The proposal includes $664 million for the school division, a $34.4 million increase over the current year. The allocation is largely in line with Superintendent Steven Walts’ initial proposal to the School Board.
The proposal calls for 74 new positions throughout the county, with 33 in Human Services, 15 in Fire and Rescue, eight in the police department and two in the Sheriff’s Office.
Among other highlights of the proposed budget:
- $234,420 to add two positions in the office of Commonwealth’s Attorney Amy Ashworth.
- An additional $9.9 million toward employee compensation, primarily to provide a 3% performance-based pay raise and cover additional health care costs.
- $3.6 million to mitigate costs of renaming U.S. 1 as Richmond Highway.
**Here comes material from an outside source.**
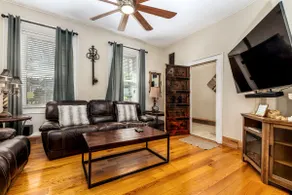 Check It Out! Great Location Large Priv w/Parking - Image 3
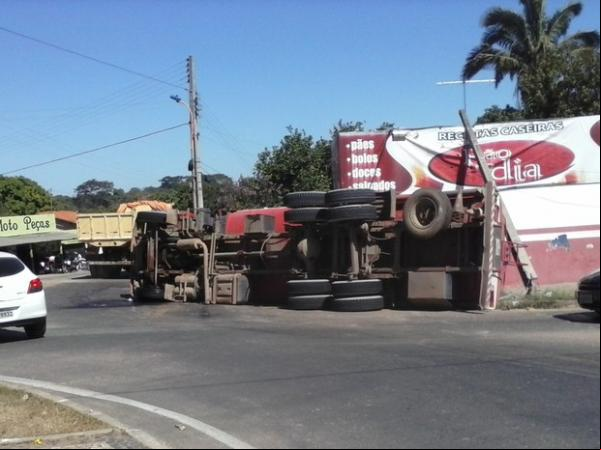 Caminhão tombou em rotatória na Zona Leste de Teresina.(Imagem:Pablo Silva)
The funding comes from leftover money collected through the county’s recordation tax.
- Allocations toward services for people who are homeless, various trail projects and capping off part of the county’s landfill.
- $177,635 for an administrative assistant and analyst through the equity and inclusion program to perform data mapping and analysis of government services.
- $327,000 for the county’s new co-responder unit, which assists the police department during mental health crises. The team includes an emergency services clinician and a crisis-intervention certified police officer.
- Eliminating library fines, which will cost the county about $370,000 in revenue.
Budget Director David Sinclair said the hefty increase in the six-year capital spending plan comes as the county expects to start transportation projects in later years. In November 2019, 73.4% of county voters approved a referendum allowing the county to issue general obligation bonds to finance $355 million in road projects over eight years. The county can request an extension for two years.
Sinclair said the cigarette tax would help the county raise revenue for debt service on the projects.
Much of the funding in the capital budget for fiscal 2022 is to start design on projects that will be completed in later years. For example, among the capital proposals is $1.4 million to design a new fire station, which Sinclair said will probably be in the Potomac District in the Prince William County Parkway corridor.
The county opened the Groveton Station last year in the western part of the county, and Sinclair said officials believe another six firehouses are necessary to maintain service levels.
The capital budget provides the last bit of funding needed to wrap up an expansion of the county’s animal center and repairs at the Prince William-Manassas Regional Adult Detention Center.